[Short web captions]
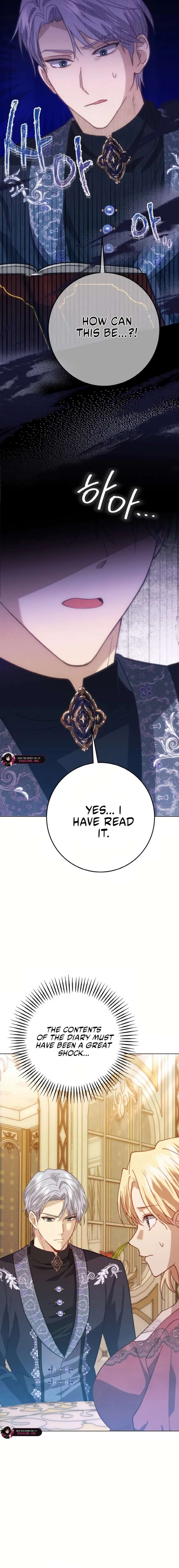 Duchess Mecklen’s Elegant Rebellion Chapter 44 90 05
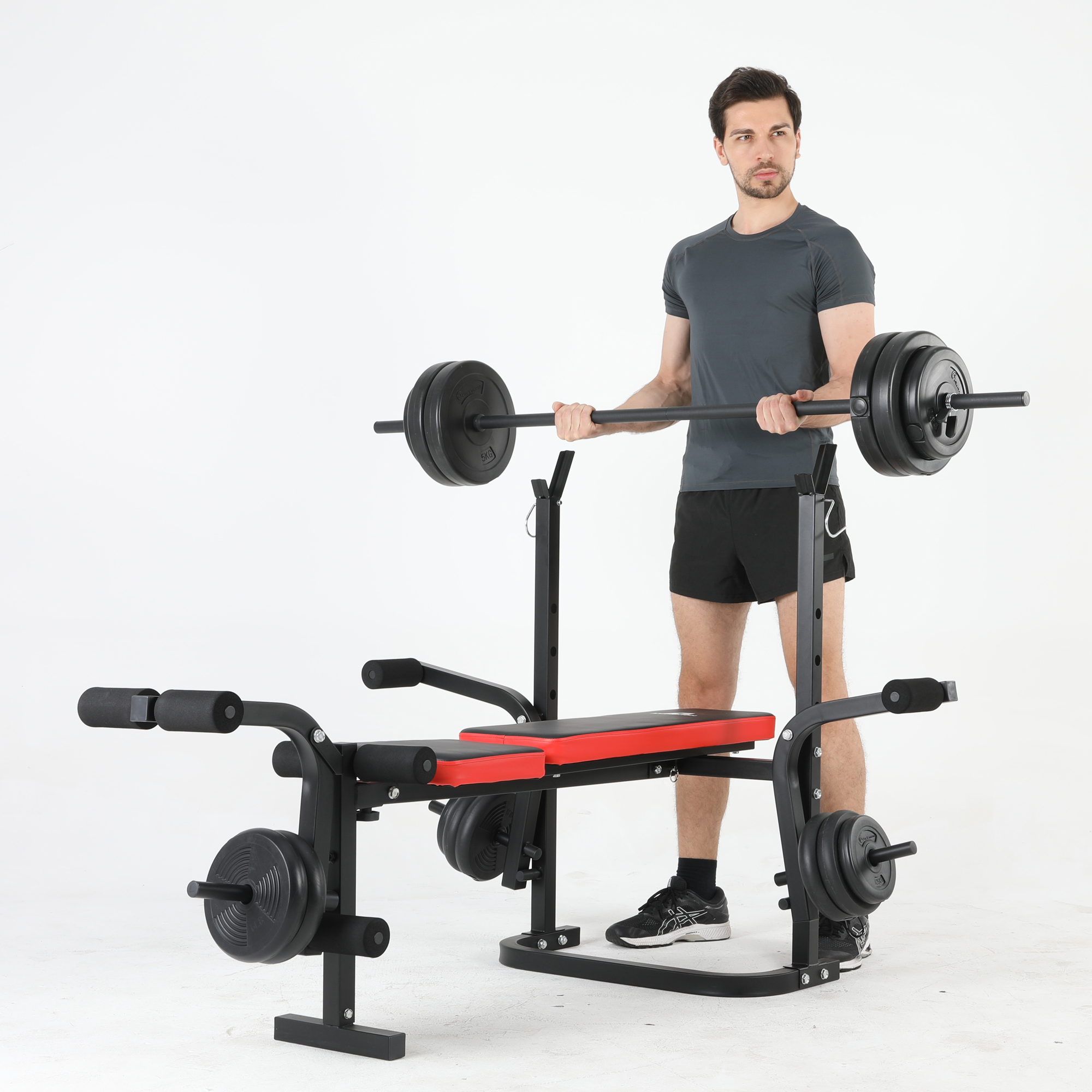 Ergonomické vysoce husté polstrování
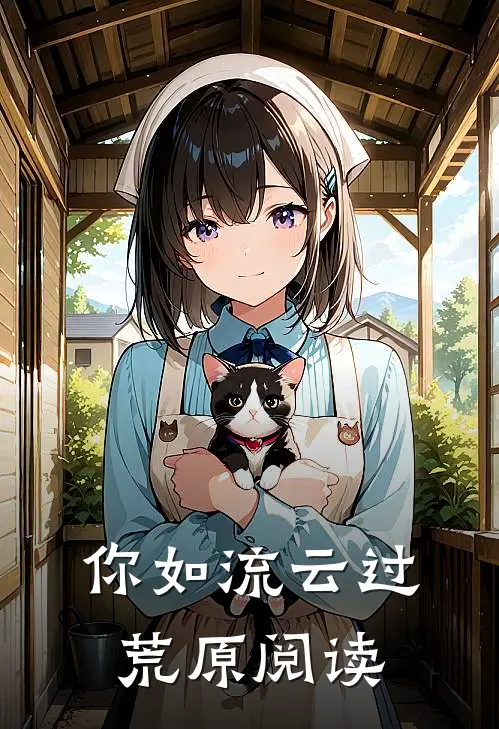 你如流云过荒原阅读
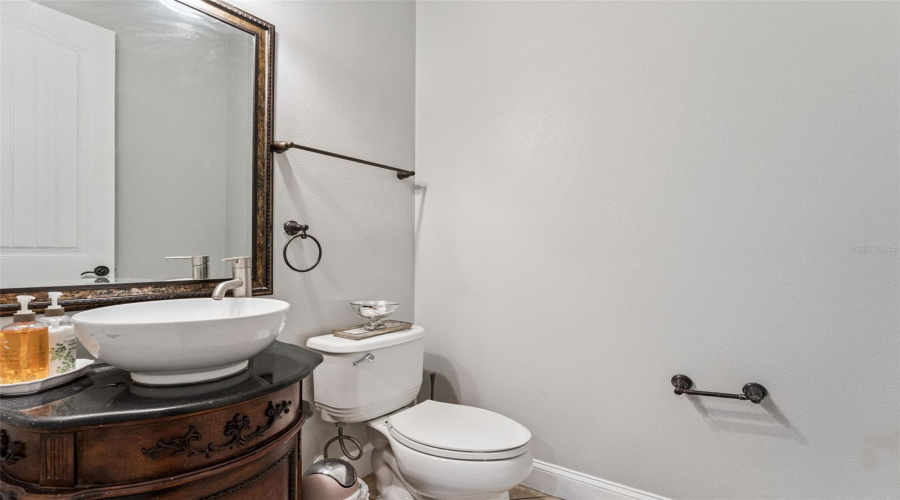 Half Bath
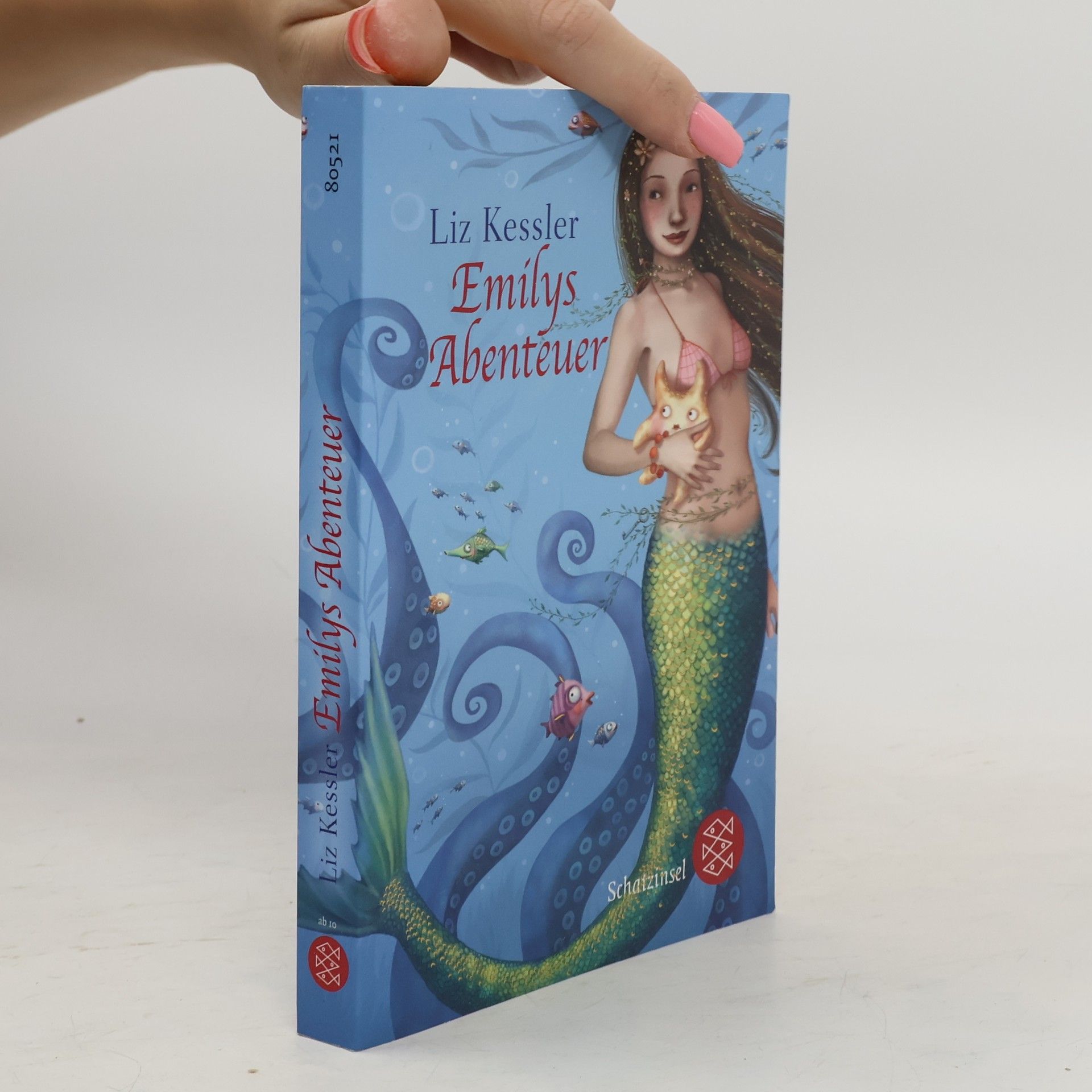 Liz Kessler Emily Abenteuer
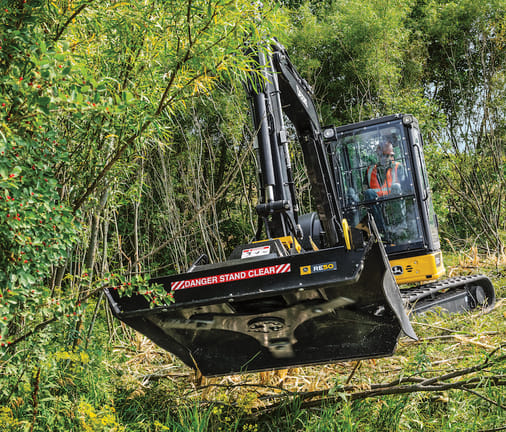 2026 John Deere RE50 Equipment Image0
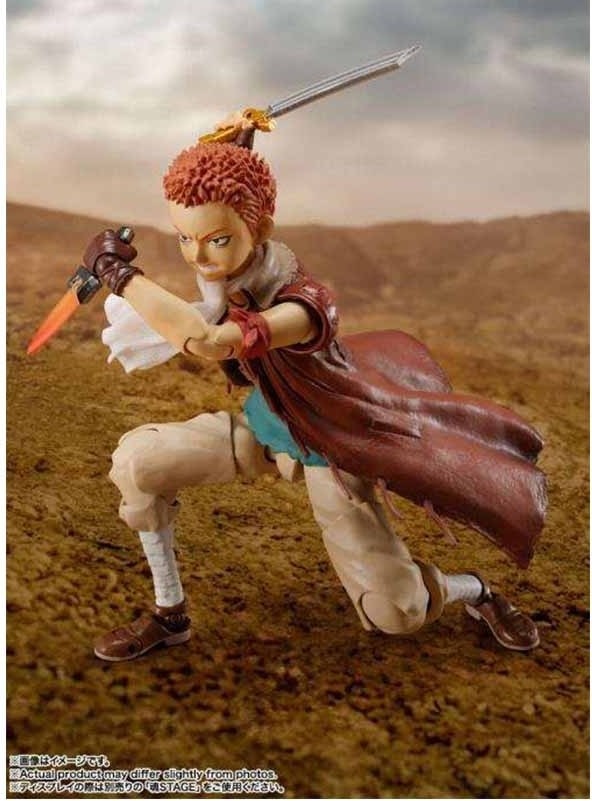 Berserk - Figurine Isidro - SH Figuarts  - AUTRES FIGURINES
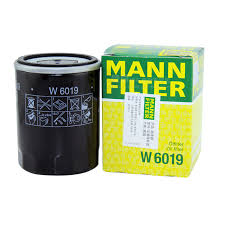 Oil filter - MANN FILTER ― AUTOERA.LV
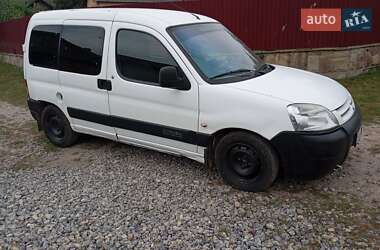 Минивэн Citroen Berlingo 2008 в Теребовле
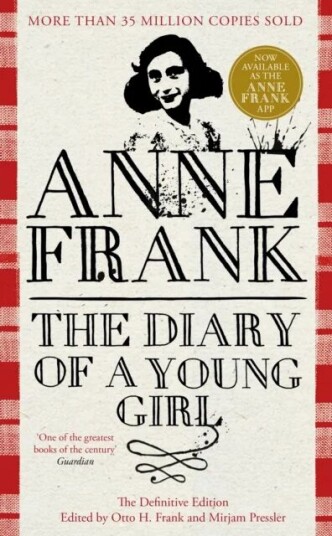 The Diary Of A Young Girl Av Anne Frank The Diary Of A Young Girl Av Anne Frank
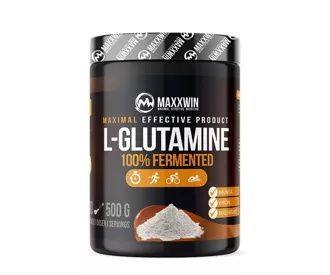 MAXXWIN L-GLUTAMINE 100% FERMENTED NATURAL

» Task statement
Nothing may be altered when you restate the records, but every picture must be dropped.

» Answer for the task
 Duchess Mecklen’s Elegant Rebellion Chapter 44 90 05
 Ergonomické vysoce husté polstrování
 你如流云过荒原阅读
 Half Bath
 Liz Kessler Emily Abenteuer
 2026 John Deere RE50 Equipment Image0
 Berserk - Figurine Isidro - SH Figuarts  - AUTRES FIGURINES
 Oil filter - MANN FILTER ― AUTOERA.LV
 Минивэн Citroen Berlingo 2008 в Теребовле
 The Diary Of A Young Girl Av Anne Frank The Diary Of A Young Girl Av Anne Frank
 MAXXWIN L-GLUTAMINE 100% FERMENTED NATURAL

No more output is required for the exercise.